Natural keys are convenient because they have an outside world equivalent and they don’t require any extra database processing. We can, therefore, know the primary key even before inserting the actual row into the database, which simplifies batch inserts.
If the natural key is a single numeric value the performance is comparable to that of surrogate keys.
For compound keys we must be aware of possible performance penalties:
- compound key joins are slower than single key ones
- compound key indexes require more space than their single key counterparts
Non-numerical keys are less efficient than numeric ones (integer, bigint), for both indexing and joining. A CHAR(17) natural key (e.g. vehicle identification number) occupies 17 bytes as opposed to 4 bytes (32 bit integer) or 8 bytes (64 bit bigint).
The initial schema design uniqueness assumptions may not forever hold true. Let’s say we’d used one specific country citizen numeric code for identifying all application users. If we now need to support other countries that don’t have such citizen numeric code or the code clashed with existing entries, then we can conclude that the schema evolution is possibly hindered.
If the natural key uniqueness constraints change it’s going to be very difficult to update both the primary keys (if we manage to drop the primary key constraints anyway) and all associated foreign key relationships.
Surrogate keys are generated independently of the current row data, so the other column constraints may freely evolve according to the application business requirements.
The database system may manage the surrogate key generation and most often the key is of a numeric type (e.g. integer or bigint), is incremented whenever there is a need for a new key.
If we want to control the surrogate key generation we can employ a 128-bit GUID or UUID. This simplifies batching and may improve the insert performance since the additional database key generation processing is no longer required.

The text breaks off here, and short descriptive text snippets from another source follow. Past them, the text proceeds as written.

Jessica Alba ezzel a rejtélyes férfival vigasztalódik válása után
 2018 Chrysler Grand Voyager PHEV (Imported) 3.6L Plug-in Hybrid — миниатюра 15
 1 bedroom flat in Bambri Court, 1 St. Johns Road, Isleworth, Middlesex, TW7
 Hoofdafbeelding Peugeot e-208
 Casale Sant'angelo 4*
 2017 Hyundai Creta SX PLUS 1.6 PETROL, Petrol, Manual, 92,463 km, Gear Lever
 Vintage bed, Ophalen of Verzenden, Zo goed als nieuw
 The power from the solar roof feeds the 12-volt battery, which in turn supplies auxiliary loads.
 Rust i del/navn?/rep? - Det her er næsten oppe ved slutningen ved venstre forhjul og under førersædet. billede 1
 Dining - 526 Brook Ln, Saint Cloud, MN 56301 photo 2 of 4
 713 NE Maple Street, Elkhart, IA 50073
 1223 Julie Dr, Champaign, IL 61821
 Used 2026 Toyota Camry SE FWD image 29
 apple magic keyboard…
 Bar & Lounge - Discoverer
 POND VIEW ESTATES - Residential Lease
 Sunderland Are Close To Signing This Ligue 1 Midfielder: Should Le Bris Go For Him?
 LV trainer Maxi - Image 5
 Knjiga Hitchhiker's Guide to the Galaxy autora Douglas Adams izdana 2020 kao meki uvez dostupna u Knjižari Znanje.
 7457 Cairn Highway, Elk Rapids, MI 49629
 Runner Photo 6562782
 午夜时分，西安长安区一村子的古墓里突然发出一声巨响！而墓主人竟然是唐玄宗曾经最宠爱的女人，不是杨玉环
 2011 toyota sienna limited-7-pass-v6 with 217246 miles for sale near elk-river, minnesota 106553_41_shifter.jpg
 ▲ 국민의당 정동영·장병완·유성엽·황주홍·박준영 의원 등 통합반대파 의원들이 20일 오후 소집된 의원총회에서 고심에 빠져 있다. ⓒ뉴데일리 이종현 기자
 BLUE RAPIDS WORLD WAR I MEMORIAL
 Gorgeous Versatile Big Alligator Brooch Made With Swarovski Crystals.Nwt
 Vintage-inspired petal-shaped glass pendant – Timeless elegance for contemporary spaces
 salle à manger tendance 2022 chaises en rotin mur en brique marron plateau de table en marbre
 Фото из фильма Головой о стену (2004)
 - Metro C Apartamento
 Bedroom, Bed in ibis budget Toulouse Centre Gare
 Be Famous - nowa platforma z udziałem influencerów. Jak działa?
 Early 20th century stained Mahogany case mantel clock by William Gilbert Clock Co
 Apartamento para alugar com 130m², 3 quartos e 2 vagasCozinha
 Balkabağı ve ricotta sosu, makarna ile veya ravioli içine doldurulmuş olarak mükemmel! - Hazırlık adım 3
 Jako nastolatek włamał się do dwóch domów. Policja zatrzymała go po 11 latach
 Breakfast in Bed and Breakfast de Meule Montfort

Even if this strategy is not so widely adopted it’s worth considering when designing the database model.
When the database identifier generation responsibility falls to the database system, there are several strategies for auto incrementing surrogate keys:
|Database engine||Auto incrementing strategy|
|Oracle||SEQUENCE, IDENTITY (Oracle 12c)|
|MSSQL||IDENTITY, SEQUENCE (MSSQL 2012)|
|PostgreSQL||SEQUENCE, SERIAL TYPE|
Because sequences may be called concurrently from different transactions they are usually transaction-less.
Both the IDENTITY type and the SEQUENCE generator are defined by the SQL:2003 standard, so they’ve become the standard primary key generator strategies.
Some database engines allow you to choose between IDENTITY and SEQUENCE so you have to decide which one better suits your current schema requirements.
Hibernate disables JDBC insert batching when using the IDENTITY generator strategy.